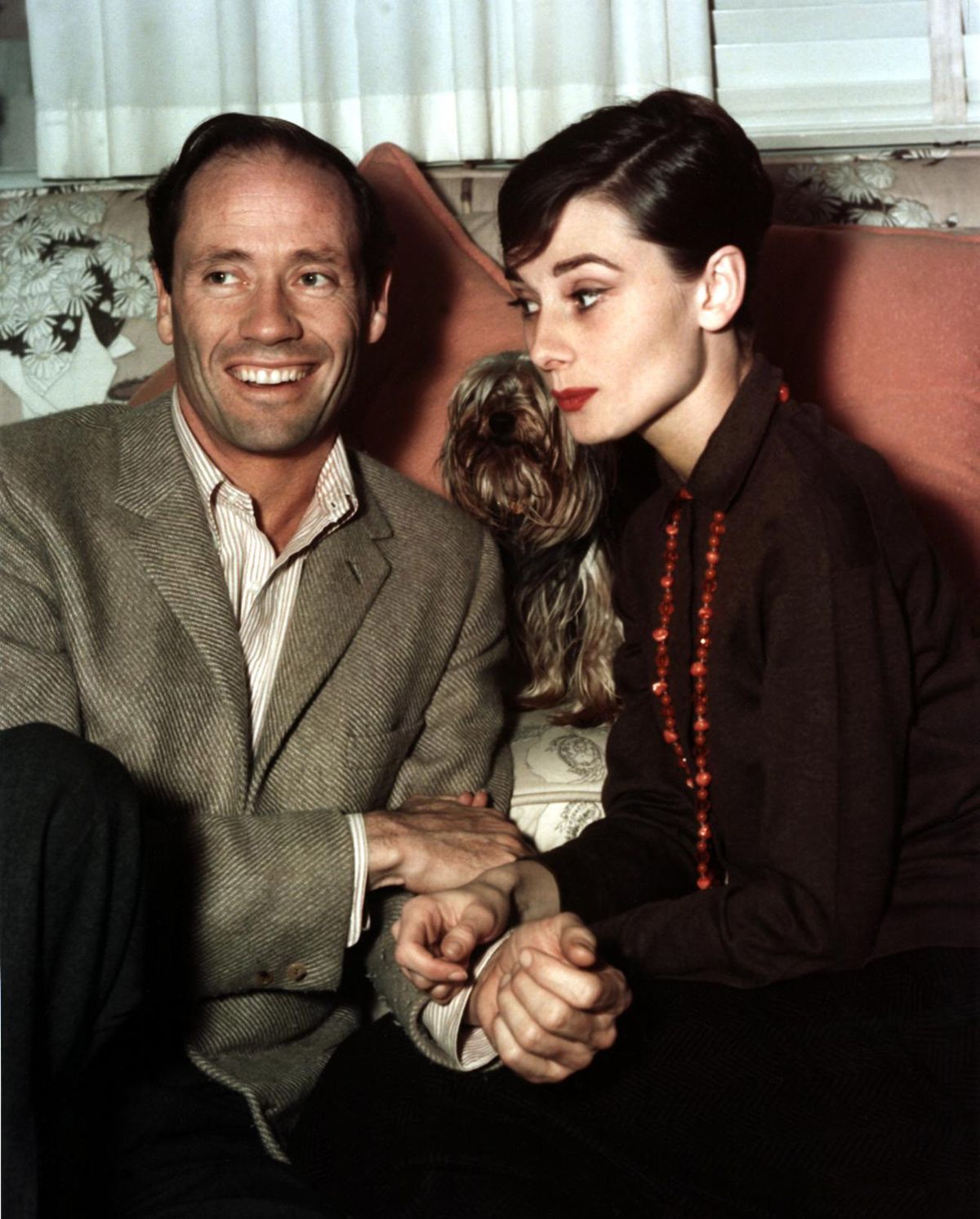 Mel Ferrer, Audrey Hepburn in the 1950s,Image: 98308154, License: Rights-managed, Restrictions: For usage credit please use; Courtesy Everett Collection, Model Release: no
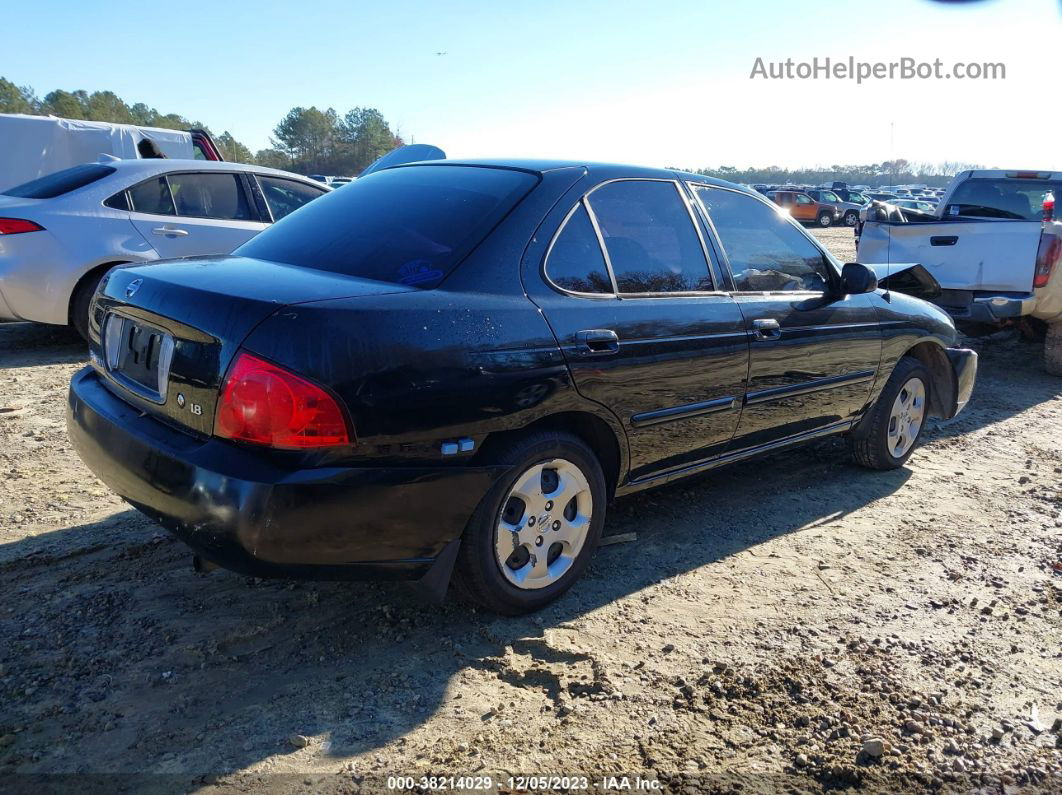 2005 Nissan Sentra 1.8 Черный vin: 3N1CB51D65L475011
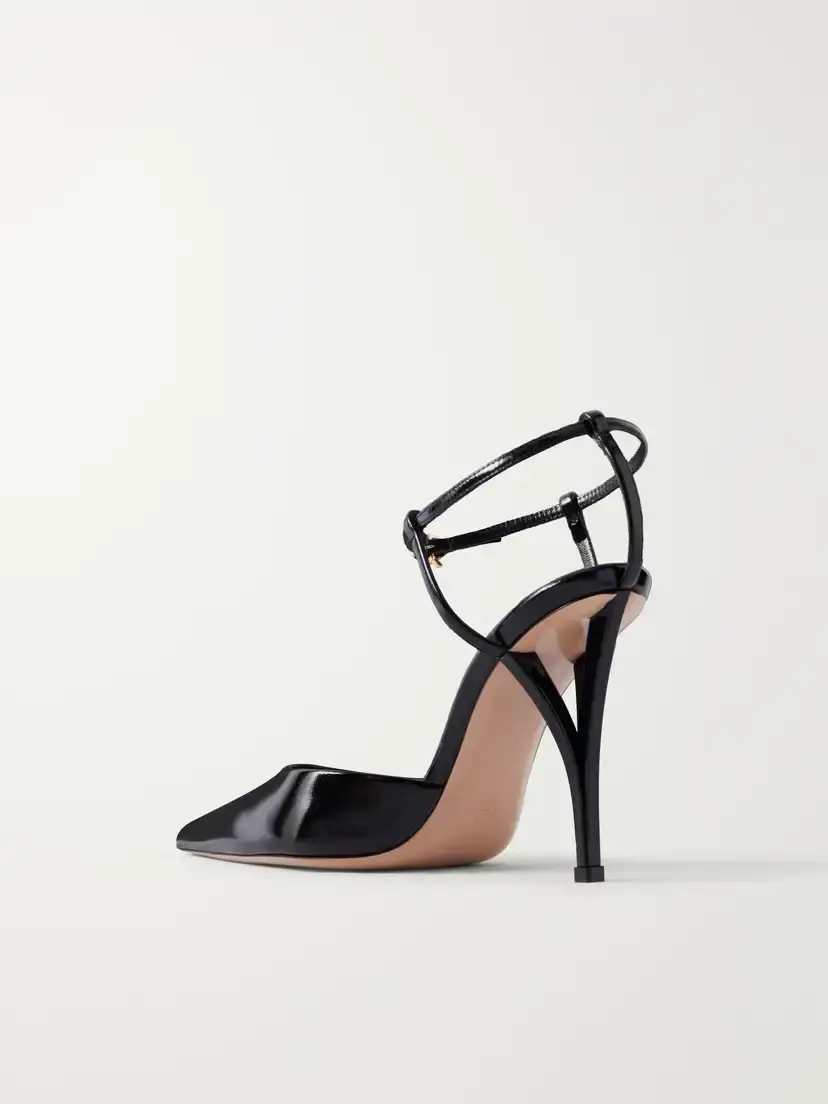 Gianvito Rossi Nuit 95 Patent-leather Pumps | Thumbnail 3 Gianvito Rossi Nuit 95 Patent-leather Pumps | Thumbnail 3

________________________________________

WHAT YOU SHOULD DO —
Print the material above once more, exactly. No pictures belong in it.

SOLUTION TO THIS PROBLEM —
 Mel Ferrer, Audrey Hepburn in the 1950s,Image: 98308154, License: Rights-managed, Restrictions: For usage credit please use; Courtesy Everett Collection, Model Release: no
 2005 Nissan Sentra 1.8 Черный vin: 3N1CB51D65L475011
 Gianvito Rossi Nuit 95 Patent-leather Pumps | Thumbnail 3 Gianvito Rossi Nuit 95 Patent-leather Pumps | Thumbnail 3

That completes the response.